別れの予感
自宅近く、経堂にある美容室に6年前から通っている。最初に行ったときに担当してくれた美容師さんのカットが気に入り、ずっとその人を指名してきた。
今日も、いつもと同じように「短く。」という素っ気無い希望を快く受け入れ、カットしてくれたのだが、いつにもまして丁寧なので、何となく不思議に思っていたら、帰り際に「退職するんです。」と言われた。
あまりにも急だったので、「ありがとうございました、お世話になりました」みたいな定型文を繰り返すだけになってしまった。ダメだ。ダメ過ぎる。はて、私はダメ州の州都の出身だったか。ああ、もっと話をしておけばよかった。カット中にメンズノンノを開いて買いもしない服を見てる場合ではなかった。

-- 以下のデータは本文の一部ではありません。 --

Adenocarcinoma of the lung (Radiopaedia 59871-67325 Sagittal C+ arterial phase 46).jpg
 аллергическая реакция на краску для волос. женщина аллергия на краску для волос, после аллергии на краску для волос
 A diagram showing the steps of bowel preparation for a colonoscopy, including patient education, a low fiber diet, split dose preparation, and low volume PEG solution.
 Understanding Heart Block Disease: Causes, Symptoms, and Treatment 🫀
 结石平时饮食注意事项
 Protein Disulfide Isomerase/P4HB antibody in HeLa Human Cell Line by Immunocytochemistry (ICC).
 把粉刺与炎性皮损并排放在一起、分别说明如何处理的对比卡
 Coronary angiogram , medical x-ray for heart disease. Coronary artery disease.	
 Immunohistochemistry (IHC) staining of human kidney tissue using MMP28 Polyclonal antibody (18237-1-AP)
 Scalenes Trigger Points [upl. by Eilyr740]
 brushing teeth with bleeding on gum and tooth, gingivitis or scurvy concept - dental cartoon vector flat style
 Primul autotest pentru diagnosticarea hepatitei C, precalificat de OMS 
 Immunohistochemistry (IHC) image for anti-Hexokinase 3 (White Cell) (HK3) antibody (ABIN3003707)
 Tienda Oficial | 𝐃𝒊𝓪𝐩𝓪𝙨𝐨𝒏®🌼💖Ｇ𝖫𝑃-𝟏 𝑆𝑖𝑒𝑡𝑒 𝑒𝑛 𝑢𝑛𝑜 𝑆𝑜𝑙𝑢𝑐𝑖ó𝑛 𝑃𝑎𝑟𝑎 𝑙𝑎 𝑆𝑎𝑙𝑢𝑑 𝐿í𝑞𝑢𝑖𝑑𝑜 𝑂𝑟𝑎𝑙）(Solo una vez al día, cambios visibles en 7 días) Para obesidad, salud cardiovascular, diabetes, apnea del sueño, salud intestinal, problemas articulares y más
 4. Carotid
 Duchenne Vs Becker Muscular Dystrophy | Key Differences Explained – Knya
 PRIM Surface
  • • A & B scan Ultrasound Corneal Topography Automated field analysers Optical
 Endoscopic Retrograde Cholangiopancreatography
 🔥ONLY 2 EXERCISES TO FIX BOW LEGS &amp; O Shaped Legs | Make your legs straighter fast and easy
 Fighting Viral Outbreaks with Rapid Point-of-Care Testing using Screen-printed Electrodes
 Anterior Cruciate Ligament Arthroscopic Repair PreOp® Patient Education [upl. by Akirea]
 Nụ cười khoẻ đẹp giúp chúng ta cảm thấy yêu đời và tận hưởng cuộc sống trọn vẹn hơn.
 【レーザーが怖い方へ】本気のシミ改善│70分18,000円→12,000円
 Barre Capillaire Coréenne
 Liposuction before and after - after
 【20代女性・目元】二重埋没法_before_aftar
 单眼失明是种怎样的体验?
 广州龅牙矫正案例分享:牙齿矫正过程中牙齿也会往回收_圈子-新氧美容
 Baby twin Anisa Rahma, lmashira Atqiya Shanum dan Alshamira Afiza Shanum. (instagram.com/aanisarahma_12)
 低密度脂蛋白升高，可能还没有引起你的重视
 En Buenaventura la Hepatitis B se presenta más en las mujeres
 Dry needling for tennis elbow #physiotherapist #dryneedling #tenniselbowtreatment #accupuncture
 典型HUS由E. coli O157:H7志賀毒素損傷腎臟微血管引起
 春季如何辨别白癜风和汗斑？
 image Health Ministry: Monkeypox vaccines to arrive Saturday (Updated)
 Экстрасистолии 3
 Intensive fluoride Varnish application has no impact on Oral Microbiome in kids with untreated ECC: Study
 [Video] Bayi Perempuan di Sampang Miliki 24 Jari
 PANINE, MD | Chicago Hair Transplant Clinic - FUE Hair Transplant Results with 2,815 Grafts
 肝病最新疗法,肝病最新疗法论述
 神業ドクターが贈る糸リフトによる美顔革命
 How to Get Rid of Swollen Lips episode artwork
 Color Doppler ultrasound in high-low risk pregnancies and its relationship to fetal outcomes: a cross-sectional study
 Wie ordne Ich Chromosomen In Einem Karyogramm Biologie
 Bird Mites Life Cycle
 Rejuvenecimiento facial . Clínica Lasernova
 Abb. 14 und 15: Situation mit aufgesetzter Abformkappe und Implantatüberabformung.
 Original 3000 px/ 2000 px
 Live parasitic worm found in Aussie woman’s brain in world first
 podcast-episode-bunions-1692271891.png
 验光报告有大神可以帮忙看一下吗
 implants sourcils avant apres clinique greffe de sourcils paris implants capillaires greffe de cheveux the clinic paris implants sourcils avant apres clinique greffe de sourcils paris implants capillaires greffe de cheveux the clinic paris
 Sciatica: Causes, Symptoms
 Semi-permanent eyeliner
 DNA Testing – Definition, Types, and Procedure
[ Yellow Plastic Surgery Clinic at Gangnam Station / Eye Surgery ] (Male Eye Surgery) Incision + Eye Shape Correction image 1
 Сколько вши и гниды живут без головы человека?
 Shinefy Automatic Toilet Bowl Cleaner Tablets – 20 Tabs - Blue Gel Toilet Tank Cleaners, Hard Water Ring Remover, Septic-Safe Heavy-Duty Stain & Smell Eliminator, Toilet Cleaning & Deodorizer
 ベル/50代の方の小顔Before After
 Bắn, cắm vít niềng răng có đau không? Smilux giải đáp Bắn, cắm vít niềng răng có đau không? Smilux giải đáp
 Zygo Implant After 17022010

「いつも無口で雑誌ばかり読んで、とっつきにくい客ですいませんでした。適当な指示ばかり出してすいませんでした。6年間本当にお世話になりました。お疲れ様でした。」くらいのことを、さっと言えないものだろうか。
お別れのとき、伝えたいことの半分でも伝えられたことがこれまであったかなぁ。
今日は酒に走らず、音楽を聴いてやり過ごすことにする。ここ数年は、人を見送ってばかりだ。